Cardin ‘disappointed’ by House Republicans’ ICC sanctions bill

The Senate Foreign Relations Committee chairman said he’s going to keep pursuing a bipartisan sanctions effort

Drew Angerer/Getty Images

(L-R) Sen. Bob Menendez (D-NJ), Committee chairman Sen. Ben Cardin (D-MD) and ranking member Sen. James Risch (R-ID) arrive for a Senate Foreign Relations Committee confirmation hearing for Jack Lew, President Joe Biden's nominee to be the U.S. Ambassador to Israel, on Capitol Hill October 18, 2023 in Washington, DC.

Sen. Ben Cardin (D-MD), who was working on bipartisan legislative efforts to respond to the International Criminal Court’s decision to pursue arrest warrants on Israeli officials, told Jewish Insider he opposes House Republicans’ efforts to pass an ICC sanctions bill on Tuesday.

“I’m disappointed. I thought they were going to try and work on a bipartisan bill that would try to [bring Republicans and Democrats] together,” Cardin, who chairs the Senate Foreign Relations Committee, told Jewish Insider on Monday. “They [the Republicans] will do their thing and we’ll try to see what we can do on our side.”

Cardin said in a subsequent statement to JI,“It is deeply disappointing to see House Republicans push a divisive partisan bill on the ICC Prosecutor’s application for warrants rather than pursuing a sensible, bipartisan approach. Defending Israel from this flawed and biased prosecution deserves the same united support we share for the entire U.S.-Israel relationship.”

After saying that they wanted to work with Congress on a bipartisan response, administration officials said last week they wouldn’t support the congressional push for sanctions on the international court.

The administration released earlier on Monday released a statement that it “strongly opposes” a House bill, scheduled for a vote this week, that would impose sanctions on the ICC.

“The Administration is deeply concerned about the ICC Prosecutor’s heedless rush to apply for arrest warrants for senior Israeli officials,” the statement said. “At the same time, the Administration opposes the imposition of sanctions against the ICC, its personnel, its judges, or those who assist its work. There are more effective ways to defend Israel, preserve U.S. positions on the ICC, and promote international justice and accountability, and the Administration stands ready to work with the Congress on those options.”

The statement warns that the legislation could require sanctions on individuals “who provide even limited, targeted support to the court in a range of aspects of its work.” The administration has sought to support the ICC’s work to investigate and prosecute Russian President Vladimir Putin.

The House bill is now likely to receive little Democratic support, although at least 19 House Democrats have publicly said they support sanctioning the court. The administration’s statement did not include an explicit veto threat.

Cardin and Sen. Lindsey Graham (R-SC) have led a bipartisan effort in the Senate to push for some type of punitive action against the ICC over the warrants, though few Democrats are behind the campaign.

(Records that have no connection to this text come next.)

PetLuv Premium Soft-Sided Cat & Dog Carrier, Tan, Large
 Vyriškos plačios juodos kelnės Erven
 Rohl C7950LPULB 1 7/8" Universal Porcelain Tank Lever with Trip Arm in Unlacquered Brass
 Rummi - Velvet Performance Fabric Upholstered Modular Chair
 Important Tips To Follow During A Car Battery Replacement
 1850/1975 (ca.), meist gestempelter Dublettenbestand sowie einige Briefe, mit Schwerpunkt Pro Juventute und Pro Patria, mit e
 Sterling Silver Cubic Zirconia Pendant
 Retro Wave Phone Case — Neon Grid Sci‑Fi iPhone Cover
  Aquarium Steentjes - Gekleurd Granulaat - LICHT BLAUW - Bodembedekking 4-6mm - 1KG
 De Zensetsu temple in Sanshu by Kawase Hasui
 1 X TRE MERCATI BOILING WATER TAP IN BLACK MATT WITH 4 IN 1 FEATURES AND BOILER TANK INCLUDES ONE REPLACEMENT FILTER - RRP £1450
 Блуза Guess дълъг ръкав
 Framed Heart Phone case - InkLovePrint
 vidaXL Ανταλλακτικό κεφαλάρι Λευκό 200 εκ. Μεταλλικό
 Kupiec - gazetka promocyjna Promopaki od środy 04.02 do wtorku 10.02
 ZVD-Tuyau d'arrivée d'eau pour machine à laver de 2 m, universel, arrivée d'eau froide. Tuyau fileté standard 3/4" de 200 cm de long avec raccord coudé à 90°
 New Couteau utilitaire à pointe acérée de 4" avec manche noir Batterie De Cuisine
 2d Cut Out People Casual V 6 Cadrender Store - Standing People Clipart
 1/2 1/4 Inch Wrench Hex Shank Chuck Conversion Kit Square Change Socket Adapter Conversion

Secretary of State Tony Blinken and National Security Council spokesman John Kirby have both said that while the administration does not support the warrants or equating Hamas leaders with Israeli leaders, they also oppose issuing sanctions in response. 

Editor’s note: Cardin said in a statement following the initial publication of this story that he was expressing disappointment with House Republicans’ legislation, not with the Biden administration’s opposition to sanctions.